Münchner Momente:Strafarbeit in der Eisdiele

Erste Menschen beginnen das H-Wort zu munkeln. Daher dürfte es vielen ein Trost sein, dass in München der Sommer nun offiziell bis Anfang Oktober verlängert wurde. Es gelten harte Auflagen

Kolumne von Christiane Lutz

Vor einigen Tagen ging es los, wie immer recht unauffällig: Abends überkommt einen der dringende Wunsch, nach wochenlangem Barfußlaufen, Socken anzuziehen. Dann kommt die beiläufig beim Rausgehen gegriffene Jacke. Der Blick aus dem Fenster um 21 Uhr und der vage Verdacht, dass das irgendwie dunkel aussieht da draußen. Erste Menschen beginnen das H-Wort zu munkeln. Dann radikalisieren sich die Menschen in den Sozialen Netzwerken, wie jedes Jahr. Es gibt jene, die schicksalsergeben Sonnenuntergänge teilen und Rilke zitieren - "Herr: Es ist Zeit, der Sommer war sehr groß". Und es gibt die Realitätsverweigerer, die sich das H-Wort entrüstet verbitten und trotzig Fotos aus dem Schyrenbad posten: "Endlich Platz, ihr Memmen!". Normalerweise ertränken die Münchner ihren H-Blues ja dann mit der Wiesn. Nun ja.

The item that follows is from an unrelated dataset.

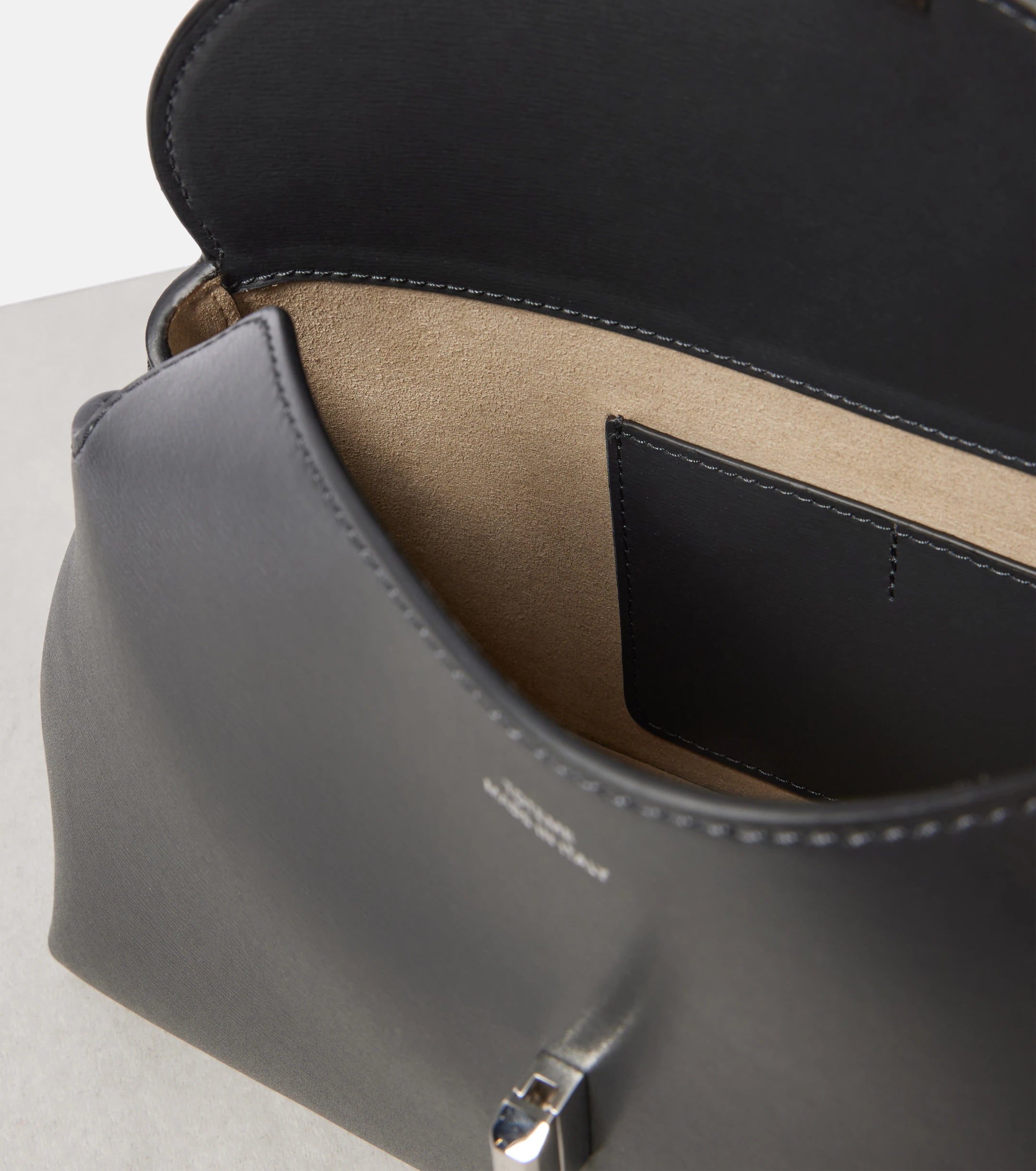 Toteme T-Lock Clutch Leather Black Silver
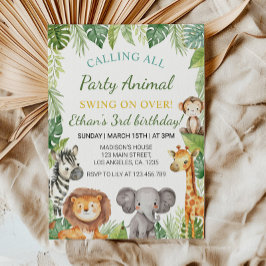Convite de Aniversário para Animais do Partido Saf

Daher dürfte es vielen ein Trost sein, dass in München der Sommer nun offiziell bis Anfang Oktober verlängert wurde. Das Wirtschaftsreferat sagte diese Woche, der "Sommer in der Stadt" sei ein voller Erfolg gewesen. Klar, dass es aus wirtschaftlicher Sicht gerade in diesem Jahr sinnvoll ist, den Sommer einfach nicht enden zu lassen. Corona ist ja auch nicht jedes Jahr. So gilt für München in den kommenden Wochen beispielsweise eine Sonderregelung beim Wetter. Tiefdruckgebiete dürfen ohne Zwischenstopp nach Baden-Württemberg weitergeleitet werden. Die Herbstkollektionen dürfen in keinem Geschäft ausgepackt, Wolle nicht an melancholische Mädchen mit Stricknadeln verkauft werden. Es gibt eine allgemeingültige Bade-Auflage, die jeden Münchner verpflichtet, sich mehrmals wöchentlich den Eisbach und/oder die Isar runtertreiben zu lassen. Am Gärtnerplatz ist von nun an ein Alkoholgebot in Kraft, das allabendliche Heiterkeiten vorsieht, gern mit Gegröle und bis spät in die Nacht. Wer sich nicht an die Sommer-Auflagen halten will, muss in den lokalen Eisdielen aushelfen, die jetzt 24 Stunden geöffnet haben, oder hupend die Leopoldstraße rauf und runter fahren, für extra sommerliches Feeling. Und, ach ja, das Programm "Sommer in der Stadt" mit den vielen Miniatur-Wiesn, verteilt auf große und kleine Plätze, das wird übrigens auch verlängert.